Menurut Suara.com, pilot berinisial MS diduga sudah menjadi kurir langganan. Ia diklaim menerima upah sekitar Rp220 juta untuk sekali pengiriman. CNN Indonesia melaporkan bahwa MS tidak hanya membawa narkoba, tetapi juga diduga mengonsumsi barang haram itu saat menerbangkan pesawat.

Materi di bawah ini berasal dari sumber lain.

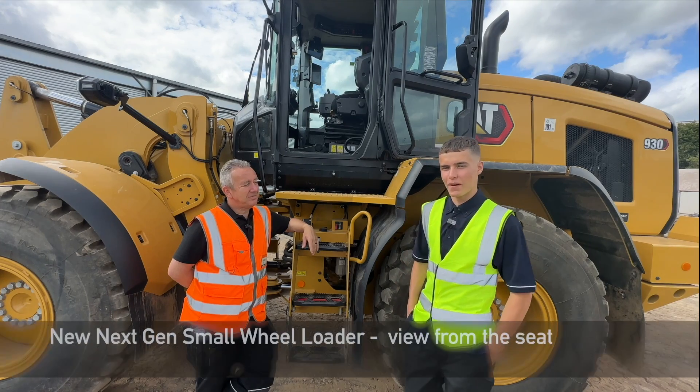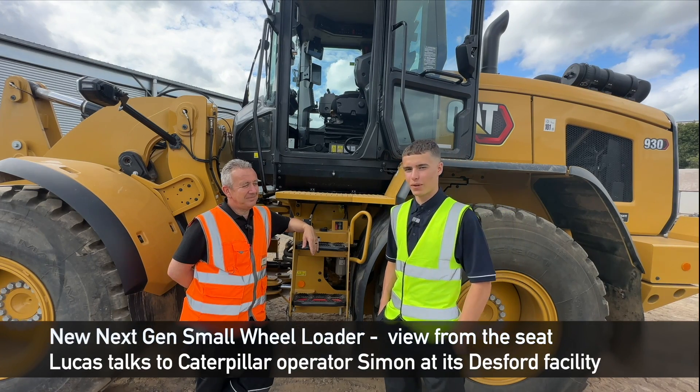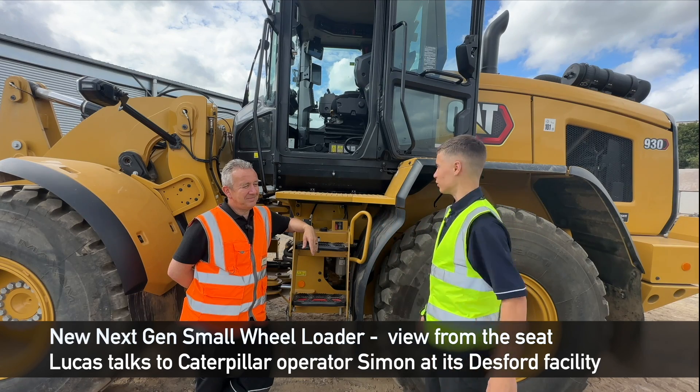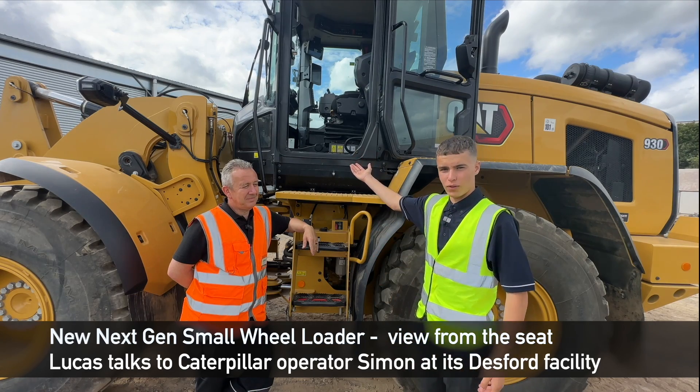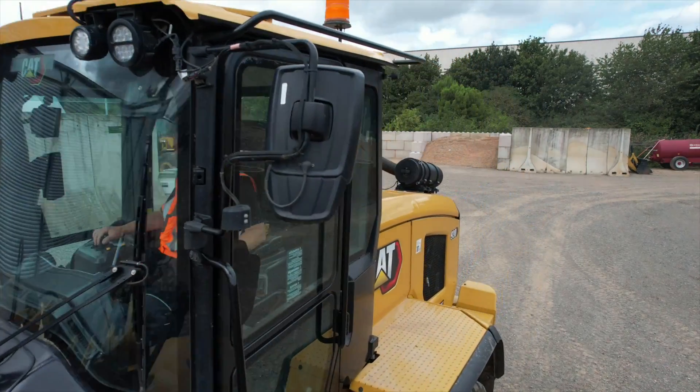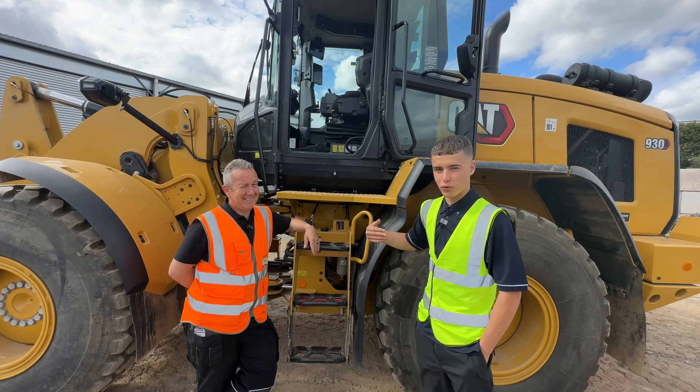Hello, my name is Lucas Haddock and today I'm here with Simon Hill and he's going to tell me about what he thinks of this 930 machine with no steering wheel and how you actually use it without a steering wheel. I know many of you are as puzzled as I am.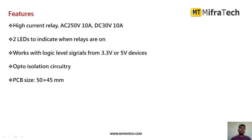What are the features of this two-channel relay? It supports high current: AC voltage of 250V at 10A, and DC of 30V at 10A. The module has two LEDs to indicate when the relays are on. It works on a logic level from 3.3V to 5V, and you usually provide a 5V DC supply.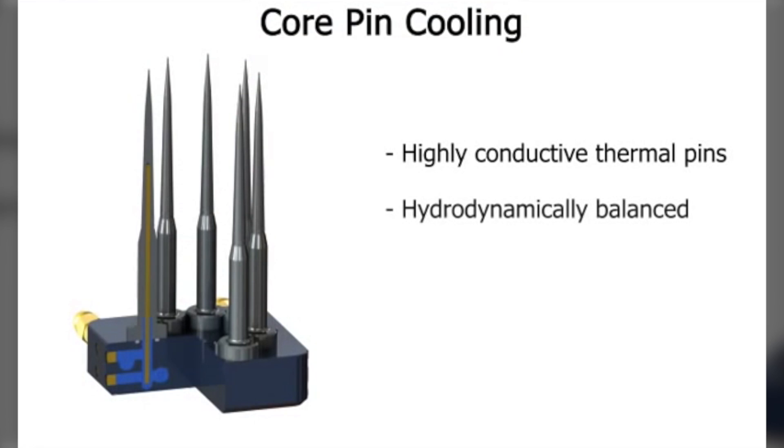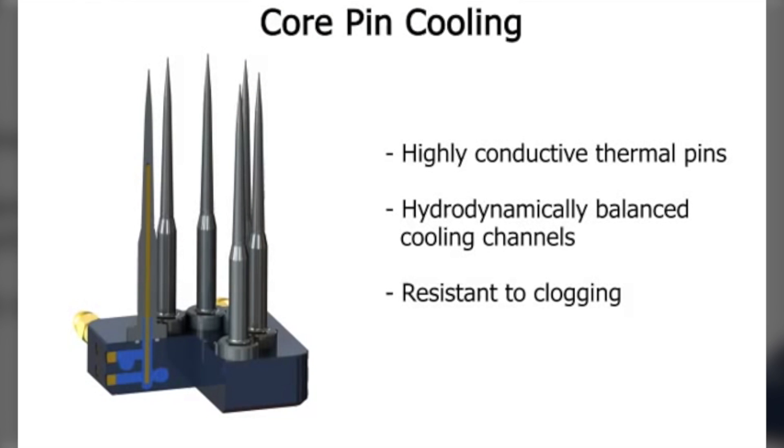Core pin cooling has also been addressed with the use of thermal pins inserted into the core pins. This avoids the issue of plugged cooling circuits in the core pins, which then overheat and cause quality issues. The bases of the thermal pins are generously bathed in a large balanced cooling channel that is extremely resistant to clogging.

Kompas menyebut total barang bukti mencapai 25 kilogram yang terdiri atas ekstasi dan sabu. Bea Cukai bersama kepolisian masih mendalami jaringan di balik pengiriman tersebut, termasuk asal dan tujuan akhir barang.
Kasus ini menjadi sorotan karena melibatkan awak pesawat asing, profesi yang sehari-hari berada di area terbatas bandara. Otoritas kini diminta mengevaluasi prosedur pemeriksaan awak pesawat di bandara-bandara internasional Indonesia.
Hingga berita ini diturunkan, penyidik belum merilis identitas lengkap dan maskapai yang bersangkutan. Proses hukum akan berjalan seiring penyelidikan terhadap jaringan penyelundupan yang diduga lebih luas.